First, data sharing has the potential to transform the practice, substance, and scope of science and technology studies. This includes allowing scholars to ask broader research questions, conduct large-scale and cross-case comparisons, and create more rigorous and replicable methods, while also enabling the systematic accumulation of STS knowledge via analysis and synthesis of existing data. Such efforts may also enhance the value of STS data and scholarship for policymakers.

Second, data sharing has the potential to advance STS methodology and data curation practices. This includes improvement of measurement and data collection methods to ensure reuse and replicability, protection against faulty data, and archiving and making sustainable STS data rather than allowing them to decay and disappear at the end of a research project or professional career.

Third, data sharing has the potential to provide professional development opportunities. This includes new research training opportunities for advanced techniques for data sharing, synthesis, and reuse, and facilitating scholars’ abilities to meet granting requirements. New training programs may also help establish a cultural shift in STS whereby datasets, data preparation, and data sharing come to be valued as important scholarly products worthy of professional recognition.

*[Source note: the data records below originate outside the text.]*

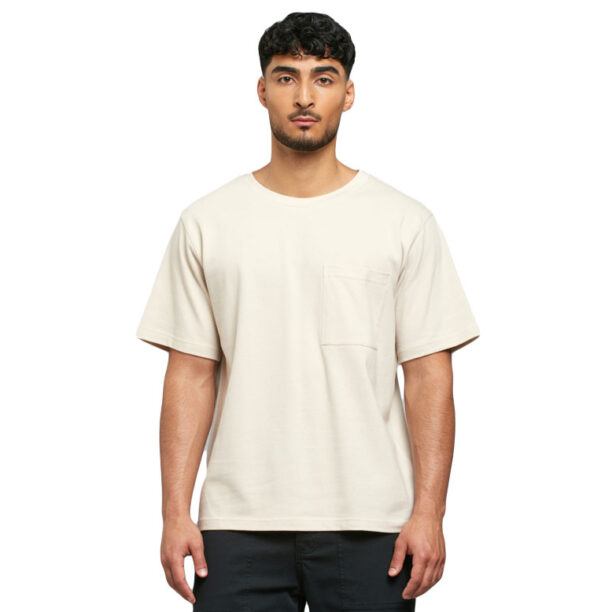 Dedicated T-Shirt Gustavsberg Vanilla White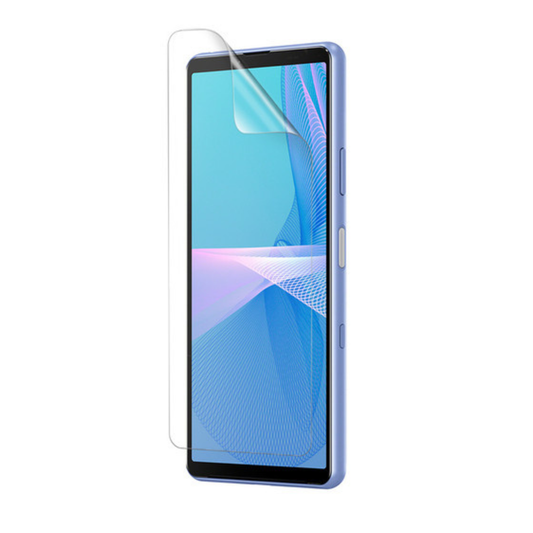 Hydrogel Screen Protector for Sony Xperia 10 III Lite (Pack of 2)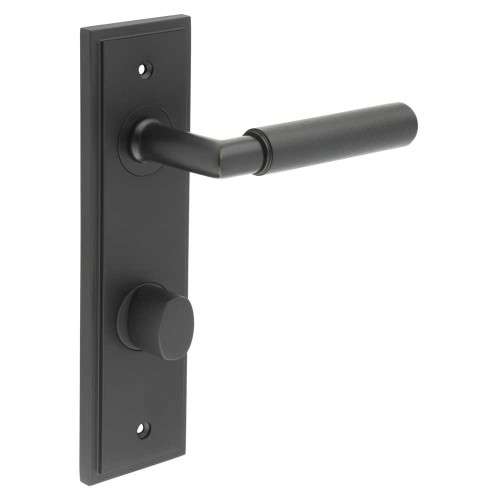 PICCADILLY LEVER HANDLE ON BACKPLATE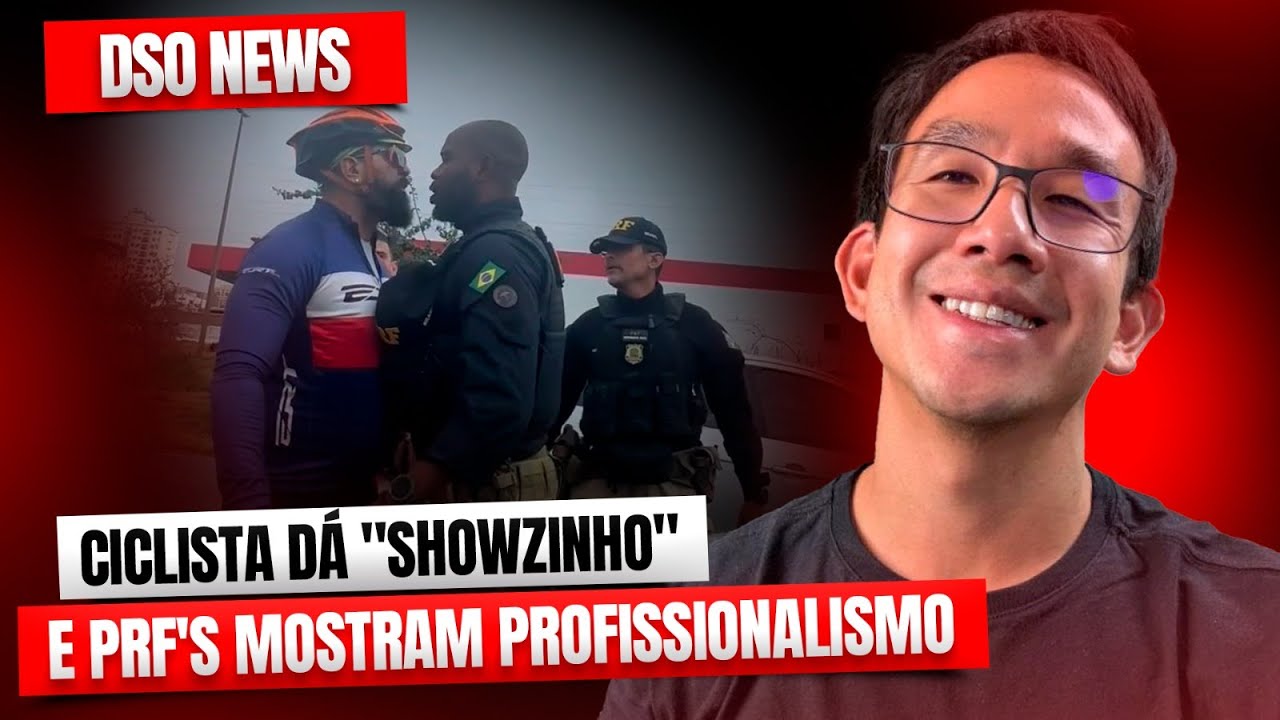 🚨DSO News - Ciclista d&aacute; 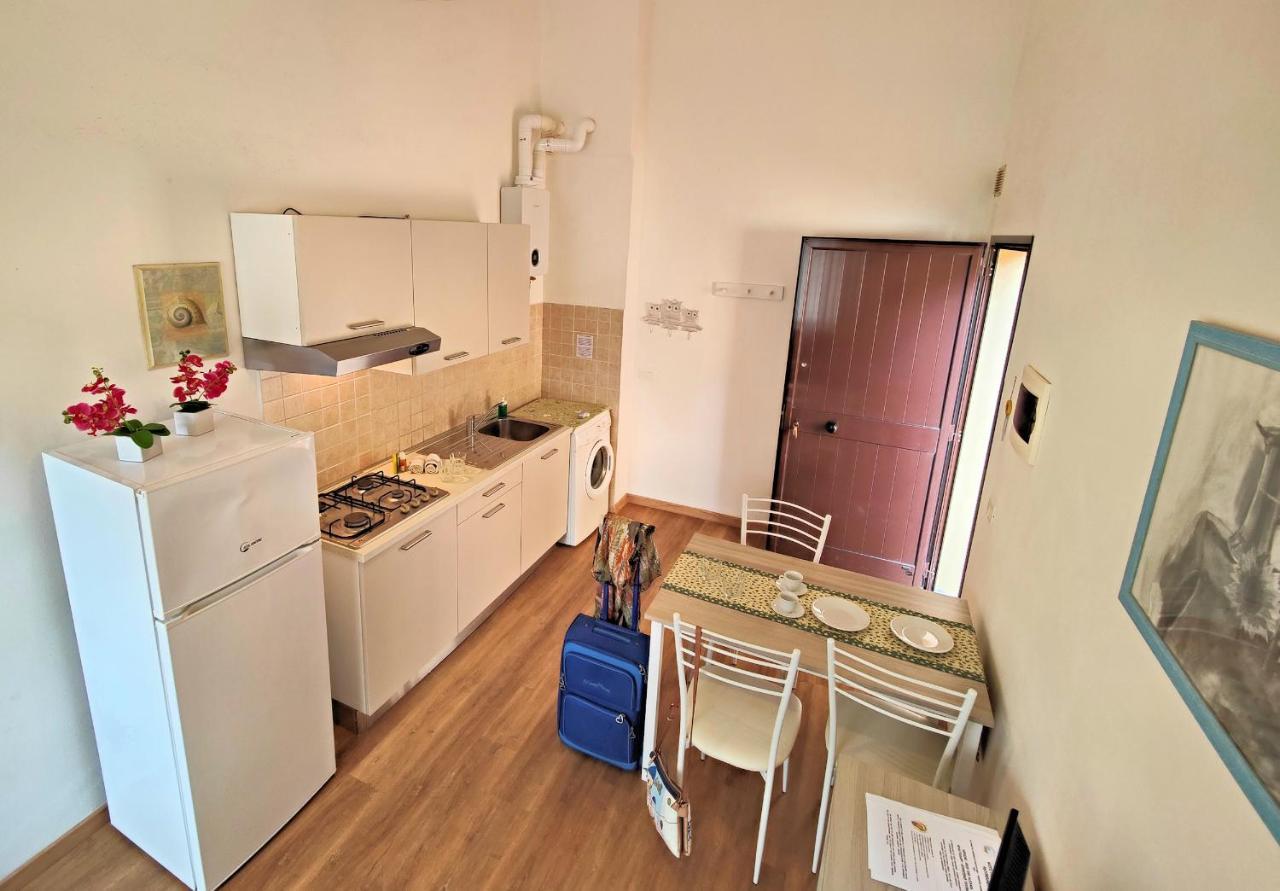 Le Dune Sea View Apartments - Futura Cav San Vincenzo Exterior foto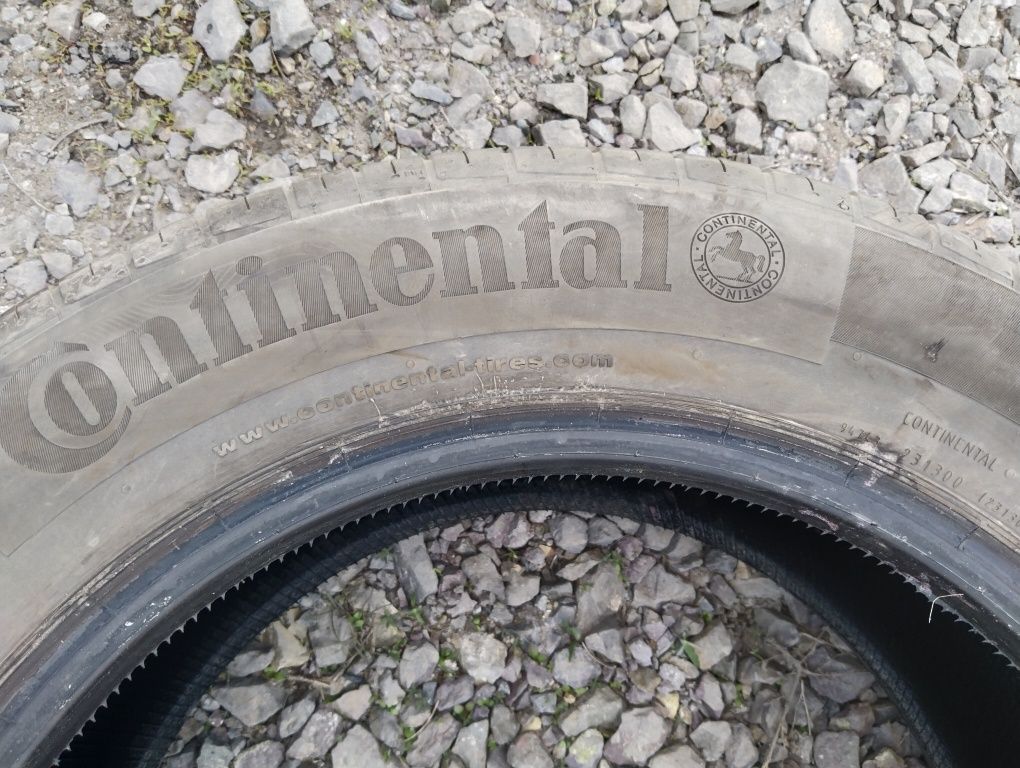 Автошины 225/60R17 Continental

Fourth, data sharing has the potential to make STS research more engaged, democratic, and practically relevant by making data and research findings available to scholars and citizens without access to funding and research materials.

 

We also discussed ways in which this cultural shift towards sharing can be stimulated, recognizing the value of data sharing while also safeguarding the diversity of data produced in different fields and specialties, and via different research methods. Most importantly, it seems necessary that different forms of data can have different levels of openness or access, with some data not being suited for actual sharing due to ethical considerations and anonymity. Moreover, and to promote a culture of data sharing within STS, the topic should become part of the agenda of workshops and projects in STS, as well as the training of (young) scholars. In this context, the development and sharing of example data management plans might also be helpful. In order to enable sharing efforts, alliances with publishers, libraries, archives, and museums can be useful to share expertise about data curation and management.

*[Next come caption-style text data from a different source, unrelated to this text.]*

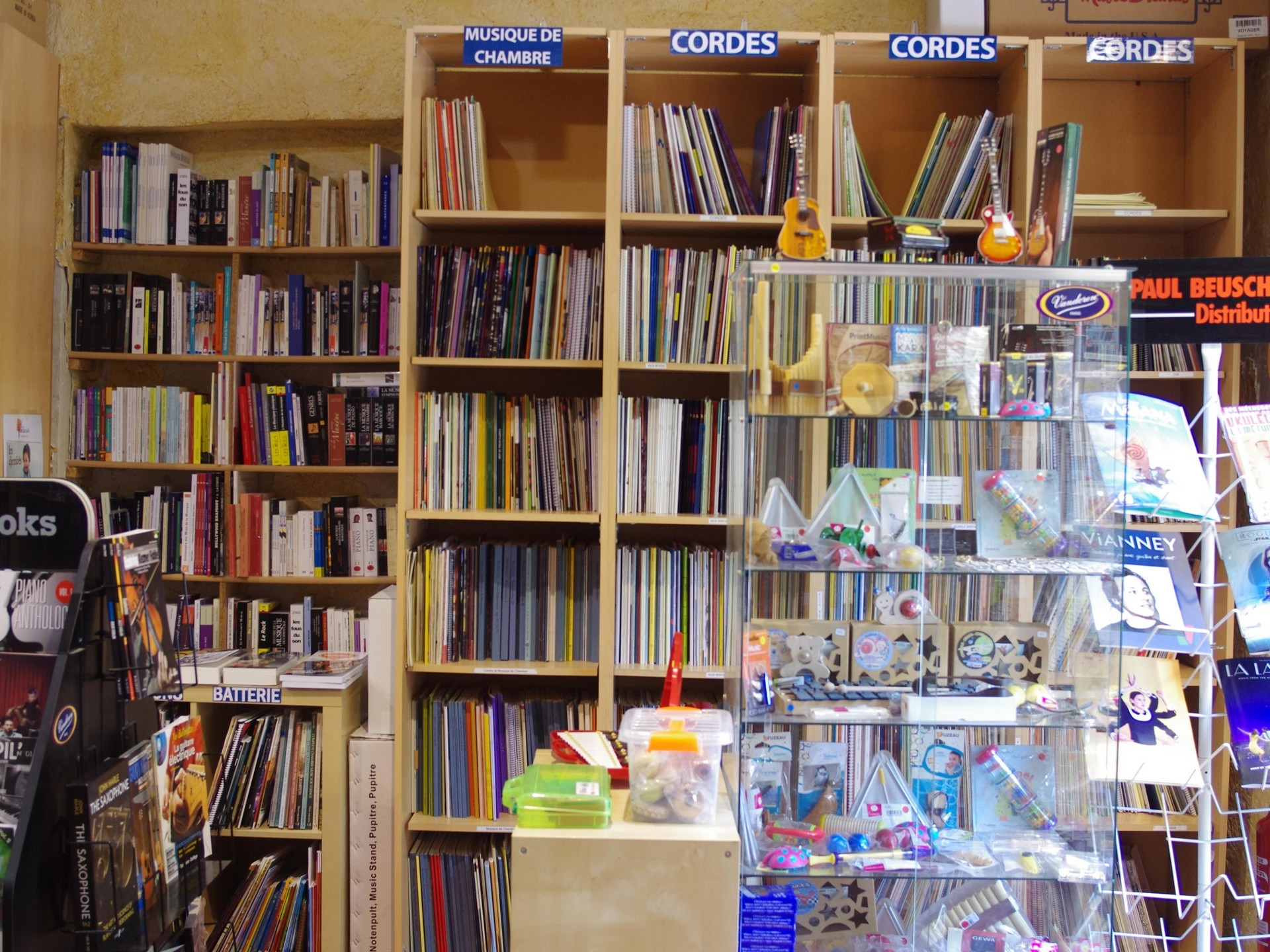 Librairie Musicale Aixoise - LMA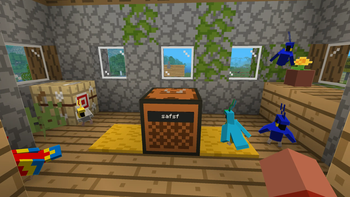 Parrot Party.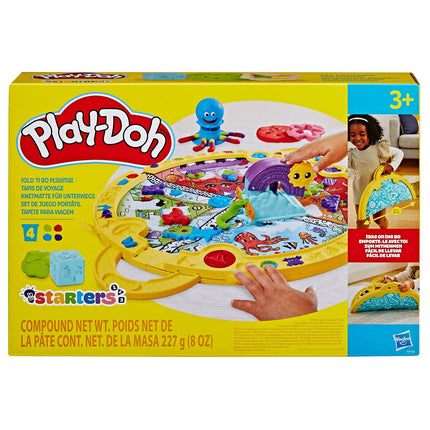 Play-Doh Playset Fold N Go Playmat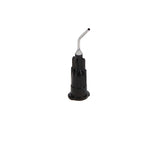 House Brand Dentistry 100626 Pre-Bent Applicator Tips 20 Gauge Black 100/Pk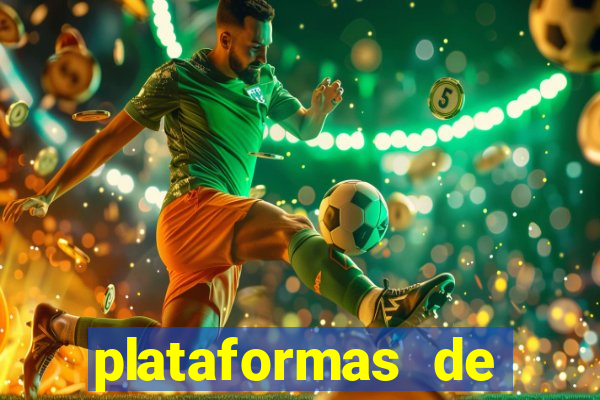 plataformas de apostas slots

Last but not least, the topic of data sharing within STS is deeply embedded in existing discussions about open data that are taking place in our EASST community, and it is also quite visible in the 4S/EASST Barcelona programme. Tracks on ‘The Lives and Deaths of Data’, ‘Open science in practice’ and ‘Critical data studies’ will certainly be showing various ways in which we are already engaging with this topic, and can perhaps also provide opportunities to discuss these topics in relation to our own work and interests.